# Macaron or Macaroon?



## petemccracken

I know that a macaron is not the same as a macaroon.

Now, is the pronunciation different as well??


----------



## sherbel

I've only heard the word "Macaron" pronounced by a chef with a strong French accent, so it's only my perception....but it sounded different to me than "Macaroon". Definite "on" pronunciation of the last syllable, with a nice roll to the "r".


----------



## auzzi

Macaron = mac - a - ron [like Ron Howard, the director]

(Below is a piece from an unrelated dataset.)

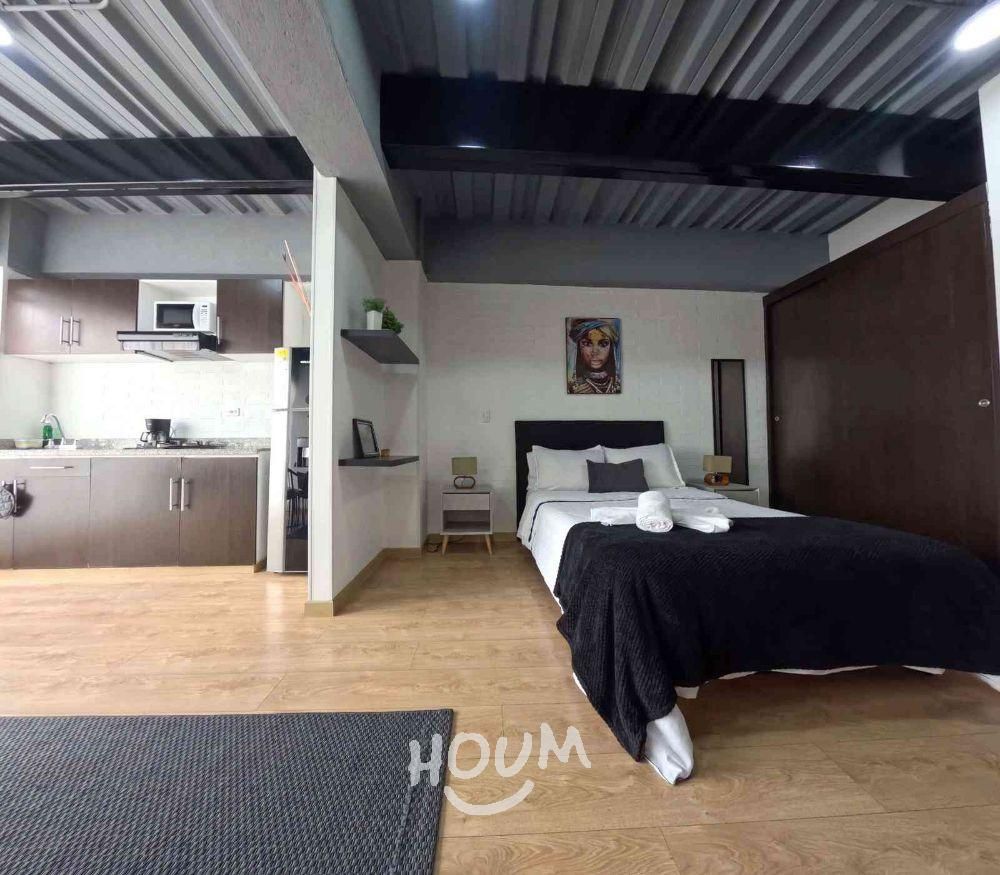 Apartamento en arriendo Cundinamarca Bogotá Juan Xxiii 41 m2 Habitaciones 1 Baños 1 Garajes 0 Precio $2300000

Macaroon = mac - a - roon [like the _-oon _sound in "rac****"]


----------



## blwilson2039

And a French macaron is made of egg whites, powdered sugar and flavorings. A macaroon is more like a coconut macaroon, more of an American creation if I'm not mistaken.


----------



## prettycake

MACARON... if referring to the French Macaron... if it is the coconut kind,  it is MACAROON..


----------



## petalsandcoco

SherBel said:


> I've only heard the word "Macaron" pronounced by a chef with a strong French accent, so it's only my perception....but it sounded different to me than "Macaroon". Definite "on" pronunciation of the last syllable, with a nice roll to the "r".


Macaron (ron) : English

The way I grew up and heard it

http://www.forvo.com/word/macaron/#fr

In French , the "n" is not pronounced.

Petals.


----------



## margcata

According to : www.wikipedia.fr

Macaron = French ( mac a ron ) = Ron

Macaroon = English ( mac a roon ) = roon as in ****

*** Note: this pastry hails from Italia / Sicilia and it indicates Almond and later on, Coconut and almond crusted ...

The Moors brought this coconut cookie like biscotti to Italy and thus, France --- the name has an Arabic - Moroccan root.


----------